Actionable advice that follows from this: If you don’t know the manufacturing date of a GPS-based device to within a couple of years, don’t trust that it won’t be rolled over and useless the first time you start it. Shopping for cheap refclocks at surplus houses or on the Web is particularly hazardous this way.
A fairly bulletproof mitigation strategy, if you are running autonomously, is to have multiple GPS clocks per server and replace each individual one at least once every nine years (half a GPS era).
NTP pivot dates
For purposes of this discussion, a resolved timestamp is one that has been mapped from a 32-bit seconds offset in some era to a full 64-bit timestamp implicitly based in some known era.
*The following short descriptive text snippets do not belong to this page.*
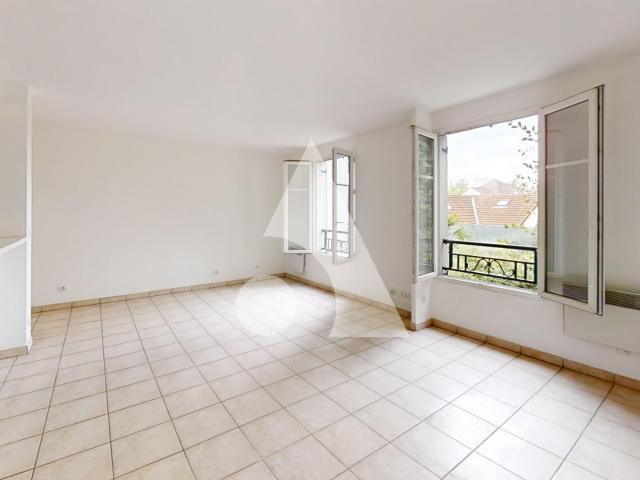 Un pied à terre évident à Saint Gratien 1 pièce s 32.63 m2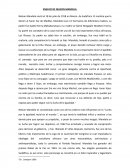 ENSAYO DE NELSON MANDELA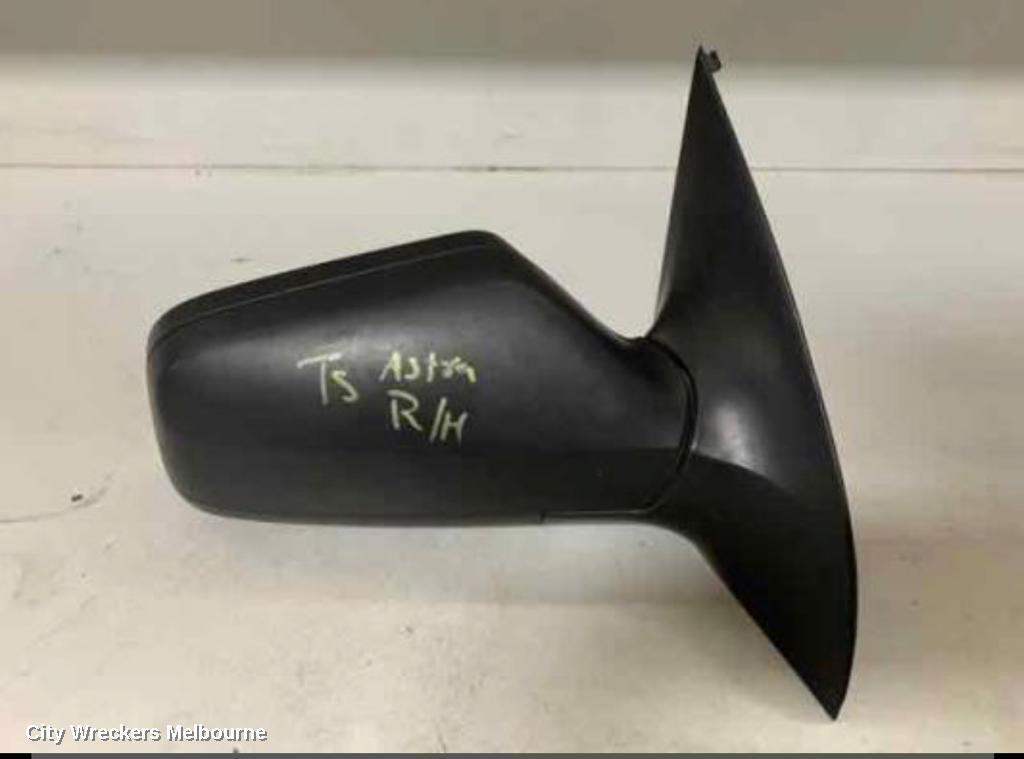 HOLDEN ASTRA 2002 Right Door Mirror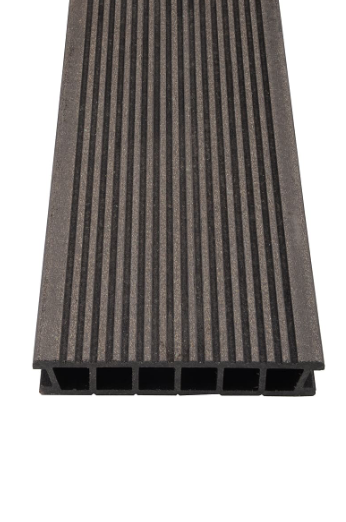 Террасная доска дпк TERRADECK VELVET чёрный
When ntpd(8) receives a unresolved timestamp from an upstream server that timestamp could be based in any era prior to the current wall-clock date - but, by definition, we may not know the wall-clock date with confidence yet (not having achieved sync).
To resolve this ambiguity, NTP also uses an internal pivot date. It chooses the era that would minimize the absolute value of the time difference between the resolved timestamp and its internal pivot date.
This resolution technique is part of the NTP specification. It will normally resolve to the current era, but may in cases where the pivot is within a half-cycle of a rollover time resolve to either the previous or the next era.
An ntpd(8) instance’s pivot date will be the date it was compiled and built.
It is fairly easy to see that this guarantees correct resolution if the pivot dates of the communicating ntpds are within a half-cycle (88 years) of each other, even if there is a rollover between the pivot dates.